Opinion vs the news

On Saturday, April 18th , the International journalism festival hosted a panel discussion on ‘Opinion vs the news’. It opened with a brief introduction by Stephan Harris, the moderator, and the co-founder of Deca, who mentioned the strategy chosen my The New York Times 10 years ago, when it put its opinion section behind the pay wall. He promptly continued by asking Margaret Sullivan, the public editor of The New York Times, weather she saw it as important to keep a clear distinction between the news and the opinion. ‘I am not a black-and-white zealot on this question’ – said Sullivan – but she does see this distinction as especially important on the internet, where the readers can’t see the context given by the newspaper, and might struggle with identifying the peace.

Mathews Ingram (Fortune magazine), and Jonathan Stein (Project Syndicate) argues that the lines between impartial reporting and opinion writing are getting increasingly blurry, thanks to the social media, and the rising profiles of individual journalists, which make readers increasingly aware of the fact that every journalistic piece is created by a single person with their good and bad days, and their biases.
Sullivan, agreeing with this fact, continued to underline the importance of a sense of impartiality in the reporting. She also reminded the panel that the greatest news stories of the last decade came from news reporters, and not opinion writers.
Lucy Marcus, from Project Syndicate, took a business point of view, saying that while opinion pieces are what characterises the publications, the news is the product the readers pay for. Opinion writers, Stein continued, are cheap – he can see that as the editor of Project Syndicate, when the pieces produces by the Projects’s experts are bought by publications around the world, who are laying off journalist following financial shortage.

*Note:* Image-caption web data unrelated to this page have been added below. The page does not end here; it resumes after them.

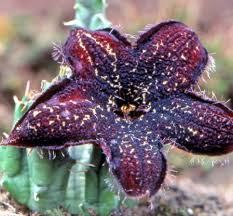 Image result for Tridentea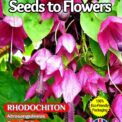 RHODOCHITON - ATROSANGUINEUS - PURPLE BELLS - ANNUAL CLIMBER - 13 FLOWER SEEDS -FULLY COMPOSTABLE PACKET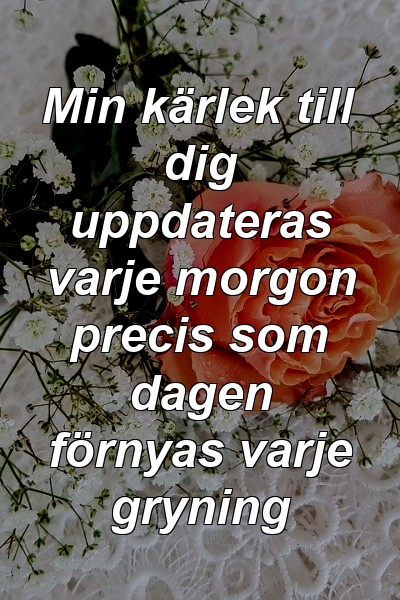 Min kärlek till dig uppdateras varje morgon precis som dagen förnyas varje gryning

Ingram, remembering his own experience as columnist in the previous years, tells that as the news story develops, it is getting increasingly hard for journalists to cover it, since they need to provide more insight. And in the age of Internet, it is often speed that counts most. According to Ingram, the Internet has changed the way opinion writers work, as well, since it allows them to update their work after it is published, and show the gradual evolution of their opinion.

The panelists discussed the unpredictable reactions of the public towards opinion pieces, and concluded with urging their fellow journalists and publishers to look for reasons that might lead the readers to pay for the content, which are still to be discovered.